I haven’t had this happen with a tree, but I did with a rose bush. When I bought it, it was labeled as a mini bush with delicate, fragrant light pink blossoms. After a couple years of keeping it as a house plant, I decided to plant it outside. It quickly grew quite large, and the blooms from it turned into full-sized magenta flowers, which had no fragrance at all. Which was a bit of a bummer.

Grafted fruit trees often try to push out shoots from the hardy root stock, which in normal circumstances you would clip off as soon as you found them, to keep them from stealing food from the more-desired grafted-on tree. If you have shoots from both growing from about the same time, I predict the root stock will do its darnedest to take over, so if you want equal tree parts you may have to prune that one back from time to time. Ideally, you would then get fruit from both species on the same tree. (I have seen accounts online of people who have grafted numerous different fruit trees onto one root stock, but I don’t think the root stock ever gets any love except just as the root.)

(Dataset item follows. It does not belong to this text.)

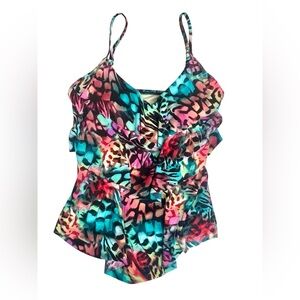 🌺 Aqua Green Triple Tier Tankini Top
Size 4/6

So enjoy your sour apples. You could make cider, like in your link.

Rootstocks will generally grow into a full tree if given the chance. It’s common to have to prune off rootstock suckers even if the original grafted tree is alive; and the death of the top can trigger rootstock growth.

But it’s not clear to me if you’re saying somebody grafted a cherry tree onto apple rootstock? If so, that may have been why it died. I don’t know enough about rootstock compatiblities to know off the top of my head whether such a graft would even take in the first place.

I didn’t. I thought it was an ornamental cherry but it was a prairie crabapple.